I have found a simple method for solving this using scipy.interpolate which works, though is relatively slow to compute.
from scipy import interpolate
ii = interpolate.interp1d(np.array([0, 1, 2, 3, 4, 5, 6, 7, 8, 9, 10])**2,np.array([0, 1, 2, 3, 4, 5, 6, 7, 8, 9, 10]))
ii(20)
Which returns array(4.44444444).
I think this is an answer, which might help someone, but not the ideal answer. Ideally this could be done in a pythonic manner, perhaps using the xarray module.
To extend this to 3D, I had to loop it within 2 for-loops, like this:
def calc_depthToTempROMS(tempfield,depthfield,queryfield,xxlims,eelims):
## the two input fields are the tempfield (equivalent to the coordinates) and the depthfield (equivalent to the function to be interpolated).
## queryfield is the values of temperature to interpolate for depth.

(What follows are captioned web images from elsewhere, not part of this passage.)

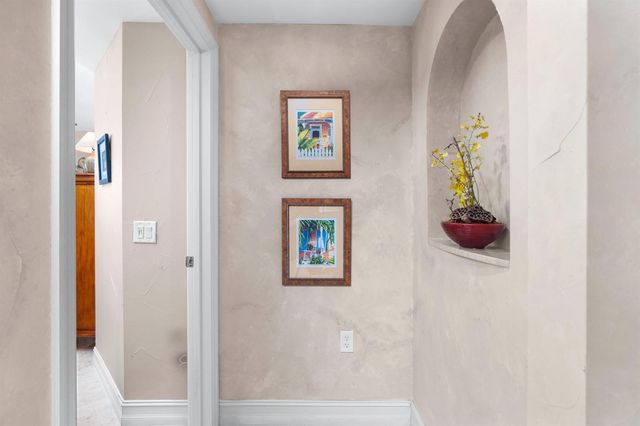 2051 SE 3rd Street 203, Deerfield Beach, FL 33441
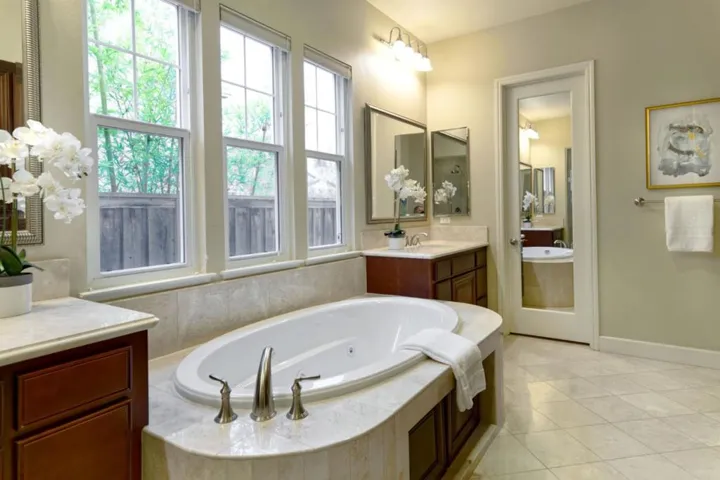 6598 Broadacres Drive, San Jose, California 95120
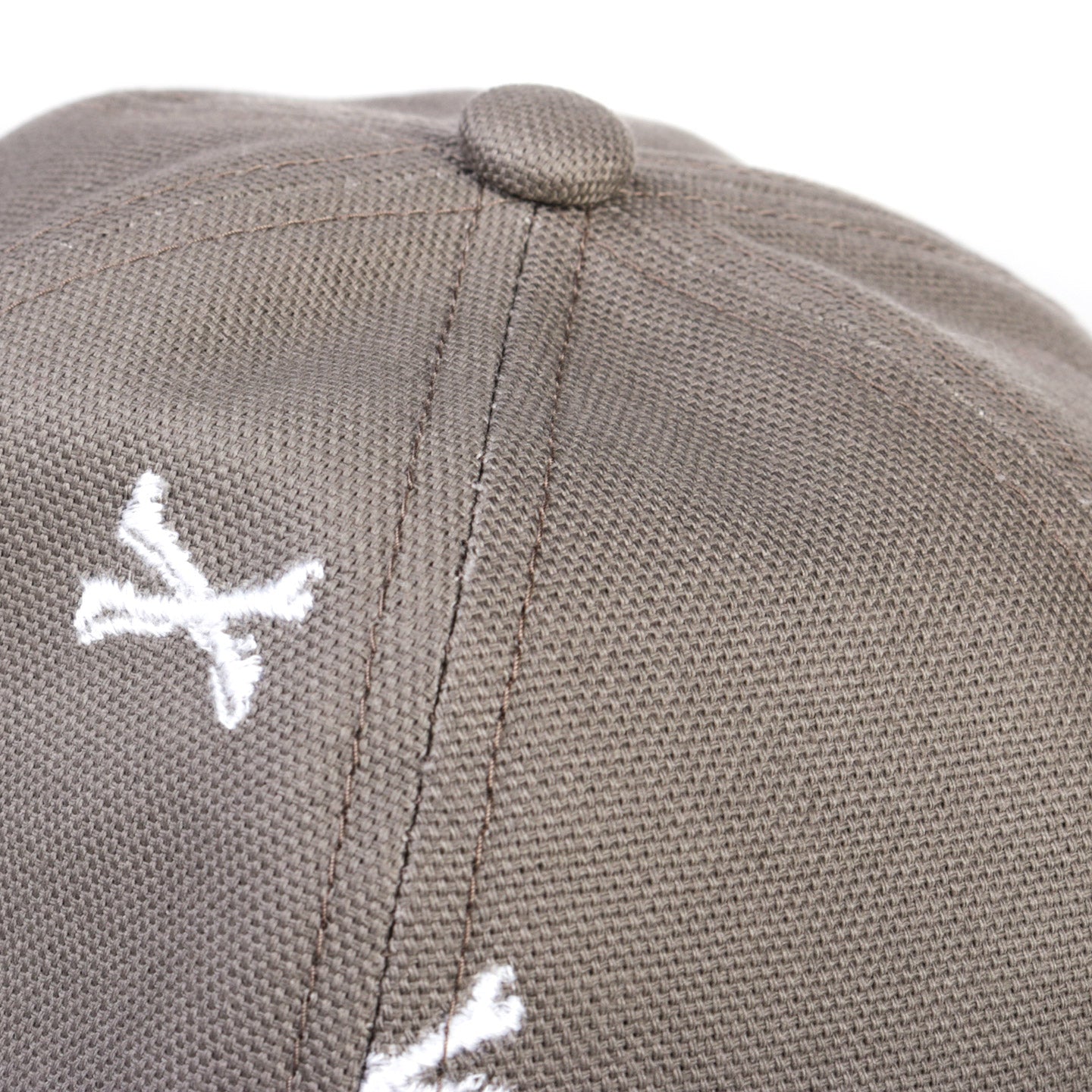 WTAPS BALL 01 HAT GREIGE EMB CROSSBONES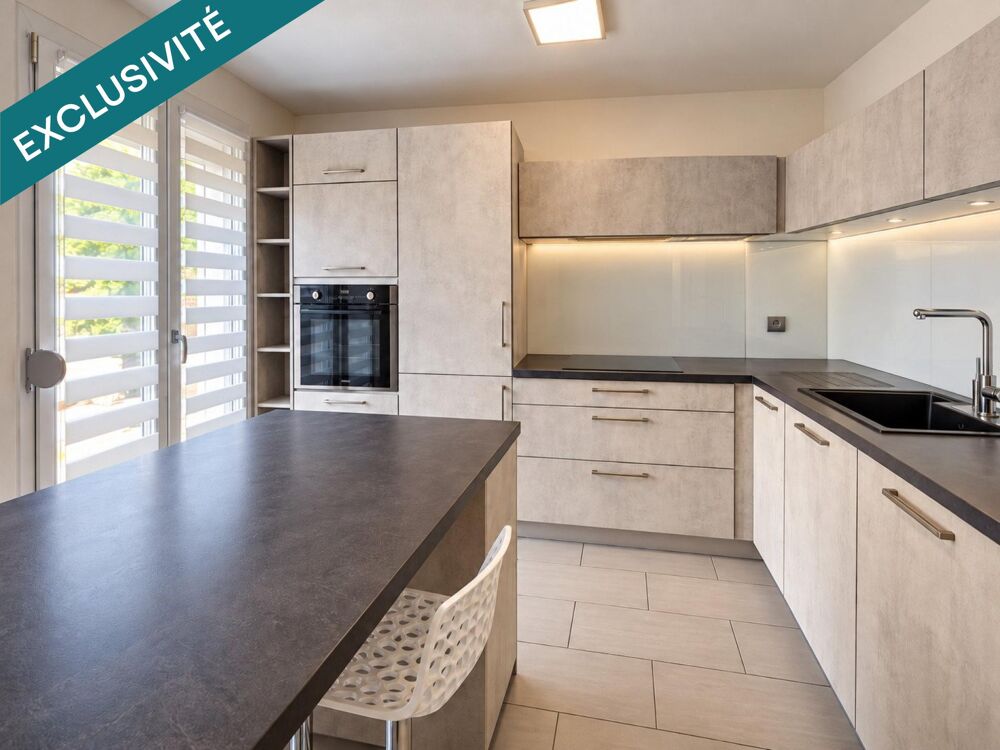 Vente Maison Découvrez cette maison familiale lumineuse et fonctionnelle avec un bel extérieur au calme avec terrasse et pergola sans vis-à-v Thann
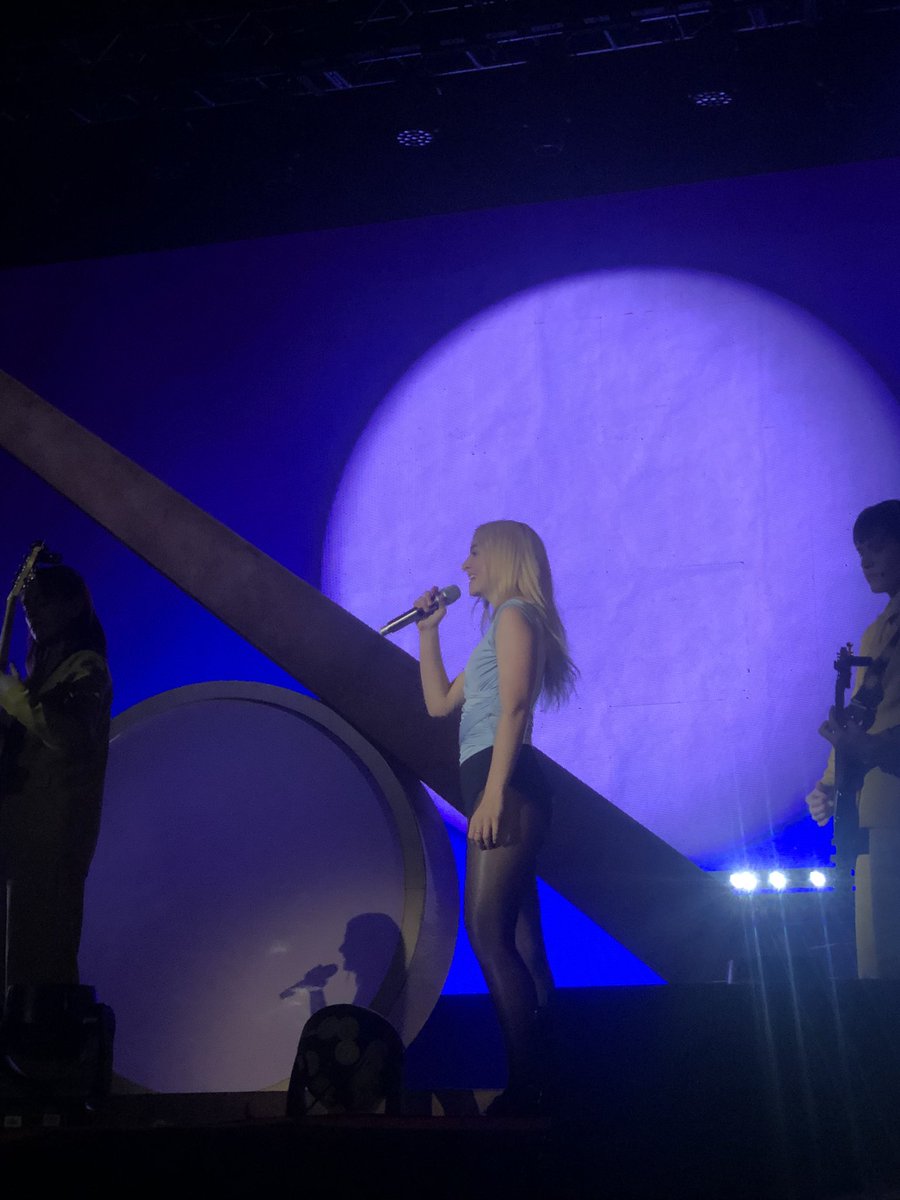 alejxxndraa's tweet photo. Te amo tanto @lorde 😭❤️✨ https://t.co/6XLYk13EWD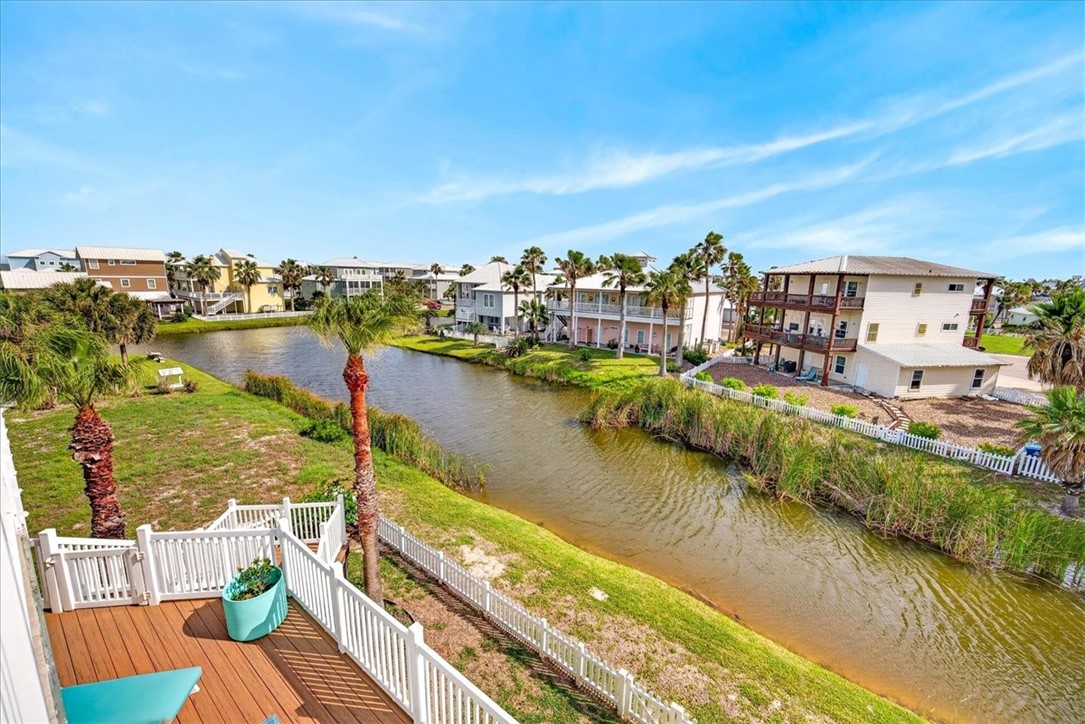 220 Keewaydin Port Aransas TX 78373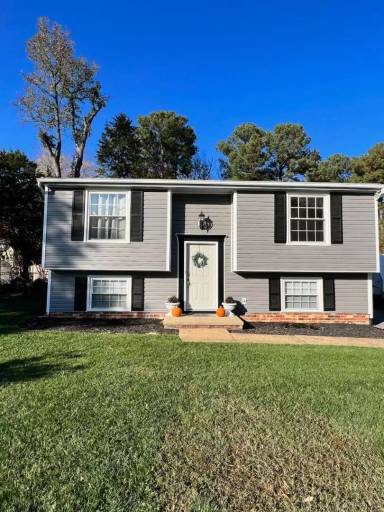 Main picture of 8728 Pine Top Dr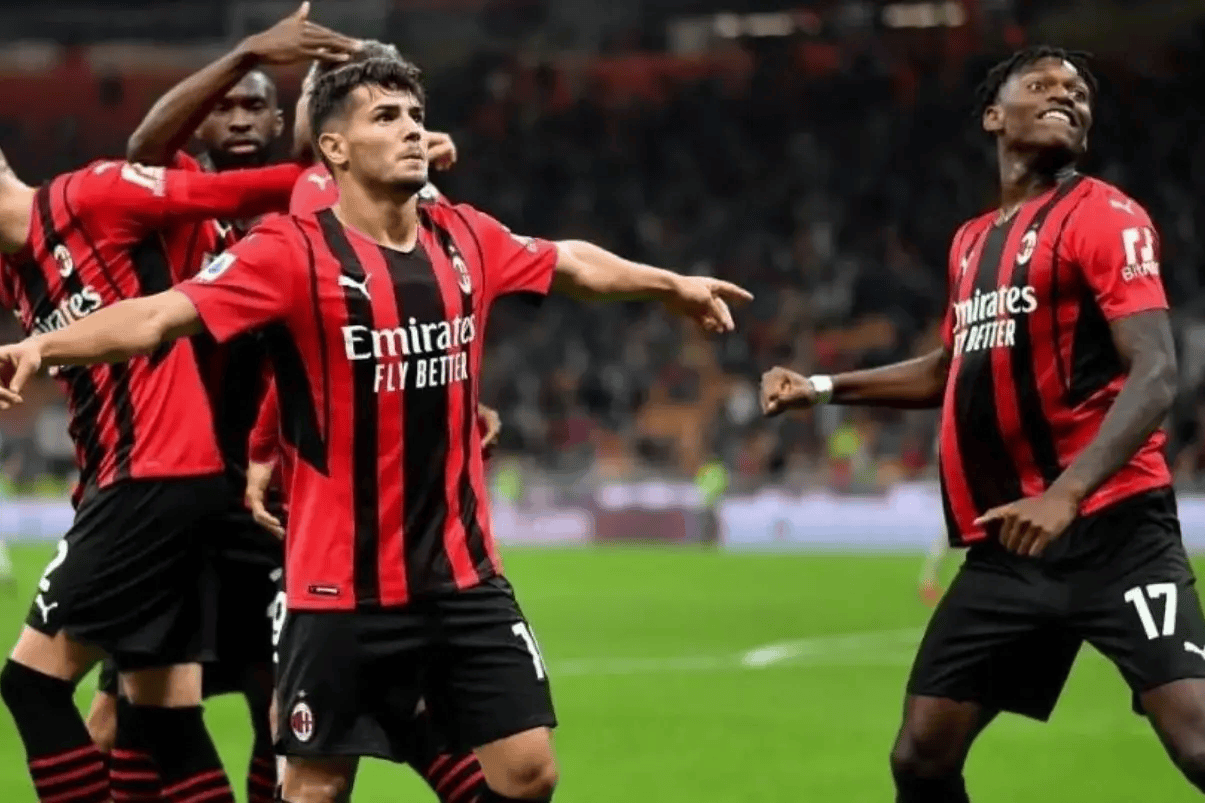 周日024 意甲 AC米兰VS国际米兰，近期表现分析及赛事预测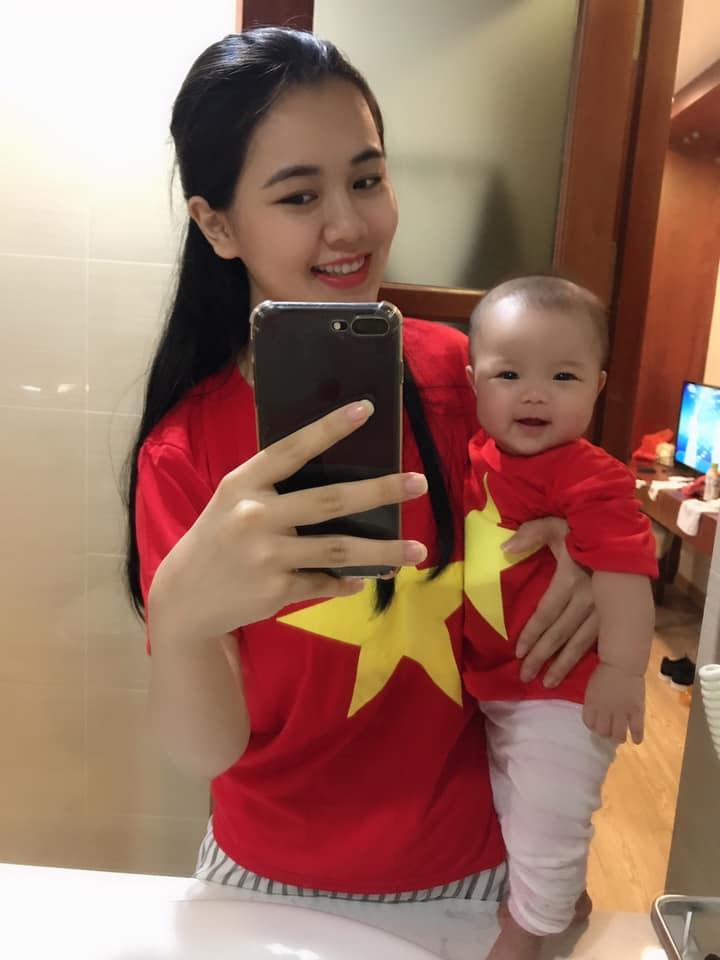 Hé lộ danh tính bé gái quyền lực khiến dàn trai tân của tuyển Việt Nam không ngại thiệt hại kinh tế tức tốc đi sắm đồ bỉm sữa-10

## xxlims and eelims are the for-loop bounds, which are model specific
for xx in xxlims:
for ee in eelims:
ii = interpolate.interp1d(tempfield.isel(xi_rho=xx,eta_rho=ee),depthfield.isel(xi_rho=xx,eta_rho=ee)) # make the interpolator
depthTC[dict(eta_rho=ee,xi_rho=xx)] = ii(queryfield.isel(xi_rho=xx,eta_rho=ee)) # interpolate for each location
if xx.values in np.round(np.linspace(0,len(xxlims.values),10)):
print(xx.values) # print every 10th index to monitor progress
return depthTC
depthTC = (truth.tempTC.mean(dim='ocean_time')*np.nan).load() # initialise an empty matrix
tempfield = truth.temp.mean(dim='ocean_time').load() # coordinates
depthfield = truth.z_rho0.load() # function to interpolate
queryfield = truth.tempTC.mean(dim='ocean_time').load() # target coordinate
xxlims = truth.xi_rho.load()
eelims = truth.eta_rho.load()
depthTC = calc_depthToTempROMS(tempfield,depthfield,queryfield,xxlims,eelims)
Someone else using xarray for processing earth science model data may find the above code useful.
I will leave this unaccepted for now - hopefully someone can come up with a better, xarray-based method for achieving this.